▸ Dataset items
####

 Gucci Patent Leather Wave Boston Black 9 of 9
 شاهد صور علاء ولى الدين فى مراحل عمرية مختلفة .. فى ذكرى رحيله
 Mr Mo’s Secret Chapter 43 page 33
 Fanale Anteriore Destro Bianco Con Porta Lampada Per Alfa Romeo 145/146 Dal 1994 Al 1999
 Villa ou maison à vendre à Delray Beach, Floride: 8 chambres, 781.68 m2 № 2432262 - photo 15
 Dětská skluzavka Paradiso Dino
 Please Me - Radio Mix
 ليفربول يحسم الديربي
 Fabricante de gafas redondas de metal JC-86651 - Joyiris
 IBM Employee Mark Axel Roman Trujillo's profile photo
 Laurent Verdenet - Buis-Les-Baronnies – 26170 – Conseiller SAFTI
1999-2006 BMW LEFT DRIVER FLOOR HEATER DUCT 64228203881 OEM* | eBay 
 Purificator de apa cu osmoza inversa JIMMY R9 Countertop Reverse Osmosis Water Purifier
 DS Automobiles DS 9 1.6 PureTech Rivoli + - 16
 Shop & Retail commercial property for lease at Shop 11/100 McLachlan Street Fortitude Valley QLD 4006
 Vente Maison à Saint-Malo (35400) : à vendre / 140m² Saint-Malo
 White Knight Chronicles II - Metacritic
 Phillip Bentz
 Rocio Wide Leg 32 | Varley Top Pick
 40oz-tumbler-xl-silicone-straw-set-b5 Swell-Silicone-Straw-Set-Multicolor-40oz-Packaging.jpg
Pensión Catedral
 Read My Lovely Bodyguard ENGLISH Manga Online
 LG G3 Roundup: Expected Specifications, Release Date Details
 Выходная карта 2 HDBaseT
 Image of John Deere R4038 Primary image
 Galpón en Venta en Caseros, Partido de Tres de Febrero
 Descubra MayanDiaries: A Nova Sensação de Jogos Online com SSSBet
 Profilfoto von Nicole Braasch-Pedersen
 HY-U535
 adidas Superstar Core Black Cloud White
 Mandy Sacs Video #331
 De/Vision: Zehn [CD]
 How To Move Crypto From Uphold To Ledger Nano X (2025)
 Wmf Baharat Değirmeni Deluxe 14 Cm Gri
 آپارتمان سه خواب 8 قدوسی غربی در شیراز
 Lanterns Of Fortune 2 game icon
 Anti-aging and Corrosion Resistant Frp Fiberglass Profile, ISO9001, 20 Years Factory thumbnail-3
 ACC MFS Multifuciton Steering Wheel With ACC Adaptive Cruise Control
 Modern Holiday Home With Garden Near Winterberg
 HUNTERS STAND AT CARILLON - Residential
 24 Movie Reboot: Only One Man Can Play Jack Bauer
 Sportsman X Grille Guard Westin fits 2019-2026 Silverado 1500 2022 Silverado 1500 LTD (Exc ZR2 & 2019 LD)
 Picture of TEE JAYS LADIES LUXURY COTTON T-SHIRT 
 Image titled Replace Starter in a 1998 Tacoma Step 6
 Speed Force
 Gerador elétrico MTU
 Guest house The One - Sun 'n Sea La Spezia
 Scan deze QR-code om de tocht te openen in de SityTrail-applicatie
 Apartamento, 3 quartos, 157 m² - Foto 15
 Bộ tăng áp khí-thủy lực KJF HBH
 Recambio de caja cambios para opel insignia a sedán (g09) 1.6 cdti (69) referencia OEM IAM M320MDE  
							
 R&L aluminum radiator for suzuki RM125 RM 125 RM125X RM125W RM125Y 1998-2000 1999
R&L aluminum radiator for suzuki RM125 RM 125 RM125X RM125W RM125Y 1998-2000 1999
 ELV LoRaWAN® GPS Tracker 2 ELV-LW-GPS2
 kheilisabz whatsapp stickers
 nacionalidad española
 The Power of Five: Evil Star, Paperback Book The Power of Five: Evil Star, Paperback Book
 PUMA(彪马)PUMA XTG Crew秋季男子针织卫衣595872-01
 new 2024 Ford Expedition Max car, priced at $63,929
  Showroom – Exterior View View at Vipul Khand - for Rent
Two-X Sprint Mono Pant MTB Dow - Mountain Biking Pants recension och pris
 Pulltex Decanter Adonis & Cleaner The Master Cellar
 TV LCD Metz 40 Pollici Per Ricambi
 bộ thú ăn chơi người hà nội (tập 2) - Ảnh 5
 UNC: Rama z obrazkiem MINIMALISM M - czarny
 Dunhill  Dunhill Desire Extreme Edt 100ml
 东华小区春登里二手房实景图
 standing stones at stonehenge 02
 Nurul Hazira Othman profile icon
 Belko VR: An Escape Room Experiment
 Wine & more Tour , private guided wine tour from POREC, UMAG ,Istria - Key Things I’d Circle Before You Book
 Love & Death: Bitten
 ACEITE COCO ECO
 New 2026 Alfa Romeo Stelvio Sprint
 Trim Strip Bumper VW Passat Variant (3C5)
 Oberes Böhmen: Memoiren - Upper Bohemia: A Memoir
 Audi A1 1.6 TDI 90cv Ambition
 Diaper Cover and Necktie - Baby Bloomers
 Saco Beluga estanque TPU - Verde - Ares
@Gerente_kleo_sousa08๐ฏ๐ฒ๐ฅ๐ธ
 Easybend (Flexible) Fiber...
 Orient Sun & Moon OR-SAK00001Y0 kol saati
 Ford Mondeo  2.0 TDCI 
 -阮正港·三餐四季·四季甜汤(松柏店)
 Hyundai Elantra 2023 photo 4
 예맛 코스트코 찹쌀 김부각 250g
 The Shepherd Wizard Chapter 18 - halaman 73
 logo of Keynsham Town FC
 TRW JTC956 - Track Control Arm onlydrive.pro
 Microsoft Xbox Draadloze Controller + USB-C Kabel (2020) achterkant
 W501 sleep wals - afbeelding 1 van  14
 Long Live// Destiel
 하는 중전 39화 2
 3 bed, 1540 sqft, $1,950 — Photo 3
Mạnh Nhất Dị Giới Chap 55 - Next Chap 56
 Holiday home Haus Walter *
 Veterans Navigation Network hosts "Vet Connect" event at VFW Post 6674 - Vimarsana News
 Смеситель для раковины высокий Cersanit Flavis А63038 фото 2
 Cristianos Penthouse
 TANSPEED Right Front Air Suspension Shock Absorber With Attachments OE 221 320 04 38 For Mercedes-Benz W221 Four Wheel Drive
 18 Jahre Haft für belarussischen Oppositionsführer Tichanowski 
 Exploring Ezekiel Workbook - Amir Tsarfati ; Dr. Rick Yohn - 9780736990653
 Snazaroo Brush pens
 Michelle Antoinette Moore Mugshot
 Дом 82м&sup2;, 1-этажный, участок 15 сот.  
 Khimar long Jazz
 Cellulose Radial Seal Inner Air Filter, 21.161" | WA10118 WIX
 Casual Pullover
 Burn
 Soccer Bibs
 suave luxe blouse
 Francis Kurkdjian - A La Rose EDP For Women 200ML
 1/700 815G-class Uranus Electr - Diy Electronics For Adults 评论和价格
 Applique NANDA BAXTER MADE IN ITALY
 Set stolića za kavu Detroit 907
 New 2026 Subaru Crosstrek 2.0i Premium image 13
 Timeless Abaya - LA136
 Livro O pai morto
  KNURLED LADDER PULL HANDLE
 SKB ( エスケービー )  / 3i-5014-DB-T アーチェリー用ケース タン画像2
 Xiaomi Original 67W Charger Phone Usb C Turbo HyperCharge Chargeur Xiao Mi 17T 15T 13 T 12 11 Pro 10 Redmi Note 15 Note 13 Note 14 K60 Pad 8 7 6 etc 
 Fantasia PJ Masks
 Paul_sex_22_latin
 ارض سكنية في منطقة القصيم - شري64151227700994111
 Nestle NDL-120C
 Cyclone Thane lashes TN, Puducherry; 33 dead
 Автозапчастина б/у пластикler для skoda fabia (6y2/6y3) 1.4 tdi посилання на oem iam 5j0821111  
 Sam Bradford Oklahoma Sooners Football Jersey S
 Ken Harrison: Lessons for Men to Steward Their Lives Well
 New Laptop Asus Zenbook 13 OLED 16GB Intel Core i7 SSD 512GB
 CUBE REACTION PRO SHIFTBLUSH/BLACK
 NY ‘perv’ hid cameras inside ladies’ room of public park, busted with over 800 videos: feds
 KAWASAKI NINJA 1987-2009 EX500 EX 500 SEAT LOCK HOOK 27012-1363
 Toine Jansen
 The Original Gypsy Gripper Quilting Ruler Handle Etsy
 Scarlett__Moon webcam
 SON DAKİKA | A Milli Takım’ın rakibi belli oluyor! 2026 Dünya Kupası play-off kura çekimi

####

▸ Goal of the exercise
Across the entries above, find each line with the word "radiator" and please copy it out.

▸ Response
 R&L aluminum radiator for suzuki RM125 RM 125 RM125X RM125W RM125Y 1998-2000 1999
R&L aluminum radiator for suzuki RM125 RM 125 RM125X RM125W RM125Y 1998-2000 1999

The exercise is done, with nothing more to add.